Exercise:
Produce a verbatim copy of the data below that contains no pictures.

Provided material:
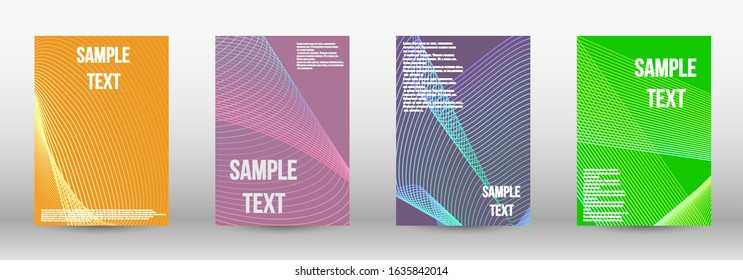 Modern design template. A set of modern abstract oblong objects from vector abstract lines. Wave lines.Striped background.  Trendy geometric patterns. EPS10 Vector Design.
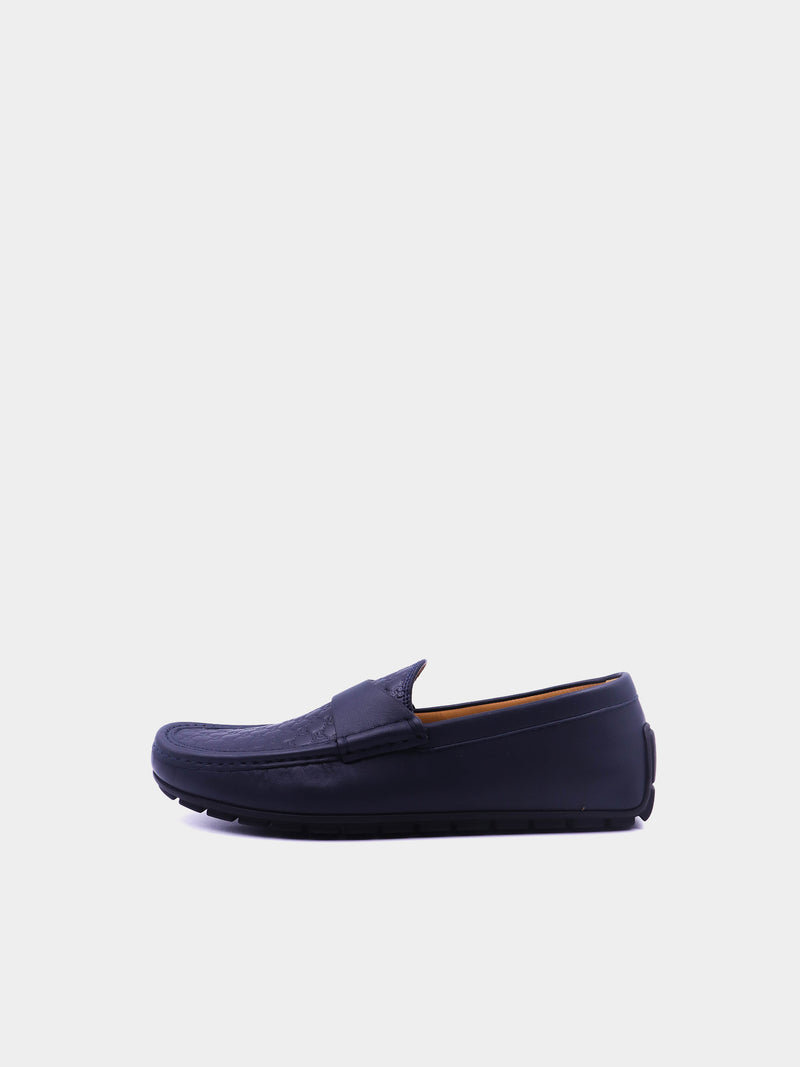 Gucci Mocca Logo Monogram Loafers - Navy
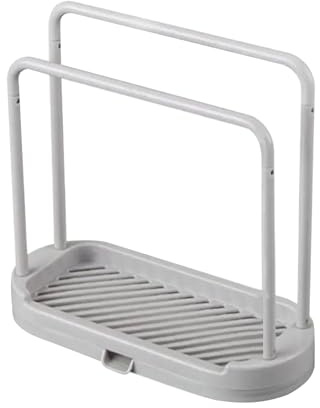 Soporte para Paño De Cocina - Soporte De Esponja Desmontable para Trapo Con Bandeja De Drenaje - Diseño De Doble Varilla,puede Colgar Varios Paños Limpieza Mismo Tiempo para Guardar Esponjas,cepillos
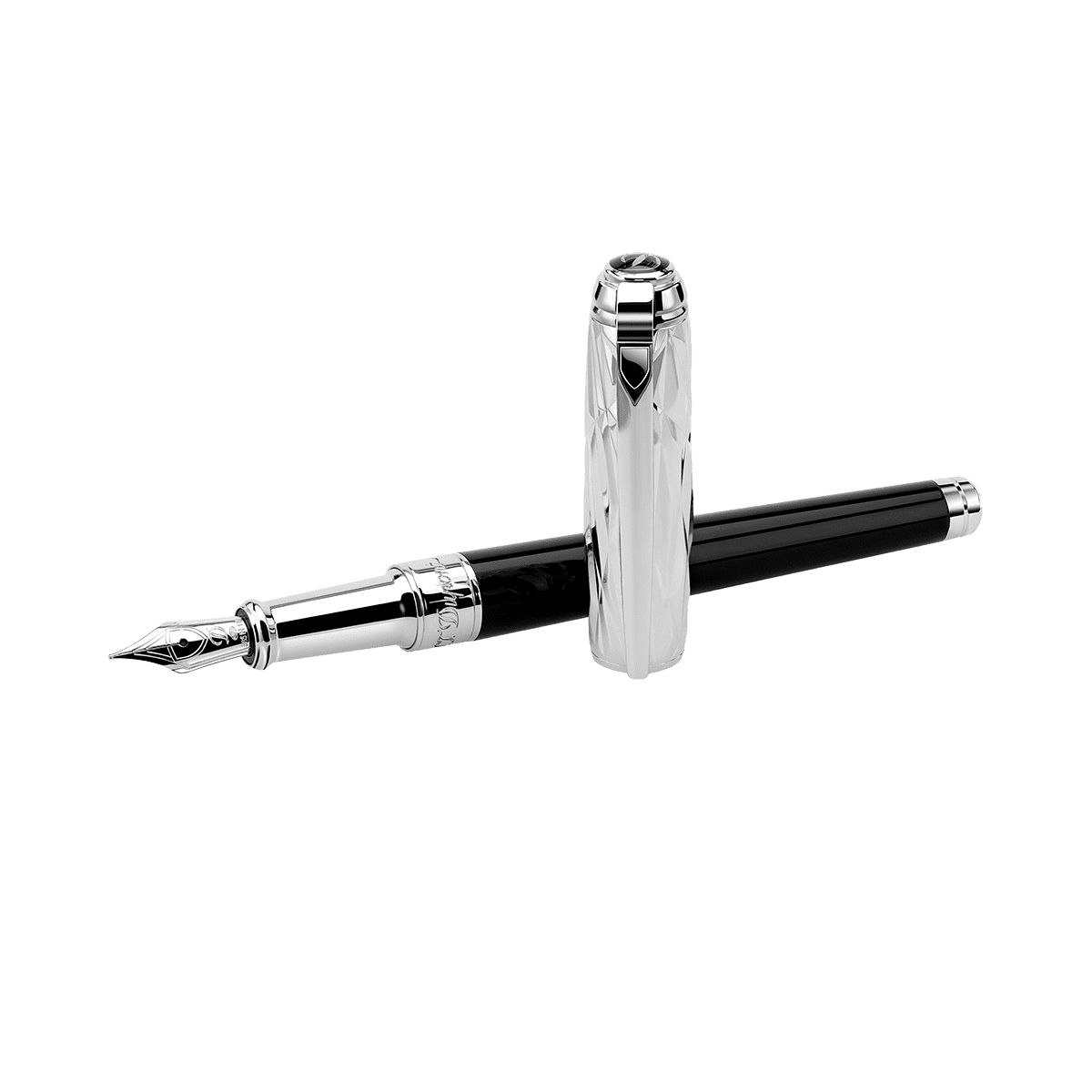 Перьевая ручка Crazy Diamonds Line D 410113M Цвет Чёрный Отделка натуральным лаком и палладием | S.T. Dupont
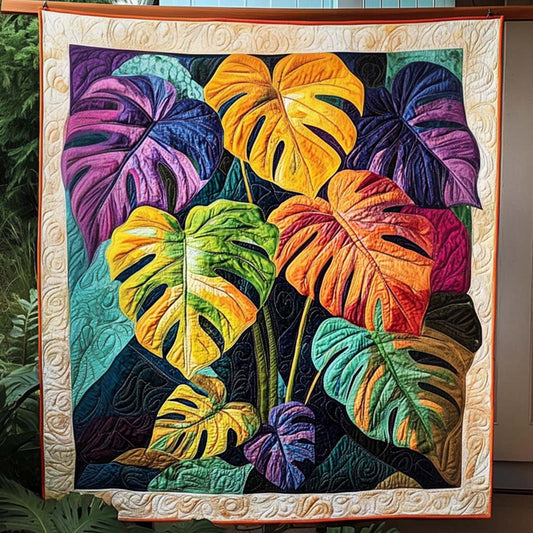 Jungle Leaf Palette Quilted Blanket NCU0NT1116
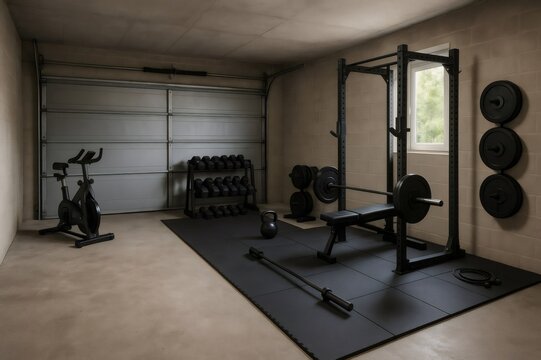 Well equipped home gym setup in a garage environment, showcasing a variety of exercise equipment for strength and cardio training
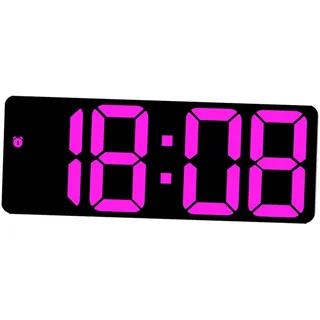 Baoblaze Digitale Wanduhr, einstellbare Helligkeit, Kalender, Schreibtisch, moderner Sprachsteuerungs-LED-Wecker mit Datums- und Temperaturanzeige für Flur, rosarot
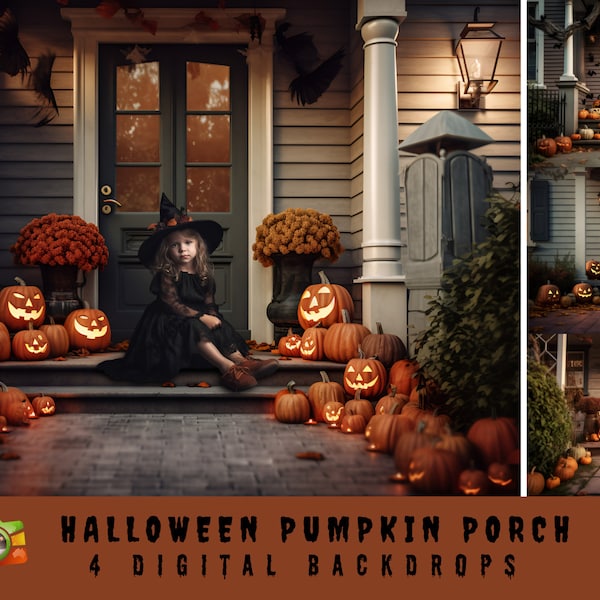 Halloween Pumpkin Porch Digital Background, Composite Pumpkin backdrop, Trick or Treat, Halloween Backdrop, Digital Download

Your response:
 Modern design template. A set of modern abstract oblong objects from vector abstract lines. Wave lines.Striped background.  Trendy geometric patterns. EPS10 Vector Design.
 Gucci Mocca Logo Monogram Loafers - Navy
 Soporte para Paño De Cocina - Soporte De Esponja Desmontable para Trapo Con Bandeja De Drenaje - Diseño De Doble Varilla,puede Colgar Varios Paños Limpieza Mismo Tiempo para Guardar Esponjas,cepillos
 Перьевая ручка Crazy Diamonds Line D 410113M Цвет Чёрный Отделка натуральным лаком и палладием | S.T. Dupont
 Jungle Leaf Palette Quilted Blanket NCU0NT1116
 Well equipped home gym setup in a garage environment, showcasing a variety of exercise equipment for strength and cardio training
 Baoblaze Digitale Wanduhr, einstellbare Helligkeit, Kalender, Schreibtisch, moderner Sprachsteuerungs-LED-Wecker mit Datums- und Temperaturanzeige für Flur, rosarot
 Halloween Pumpkin Porch Digital Background, Composite Pumpkin backdrop, Trick or Treat, Halloween Backdrop, Digital Download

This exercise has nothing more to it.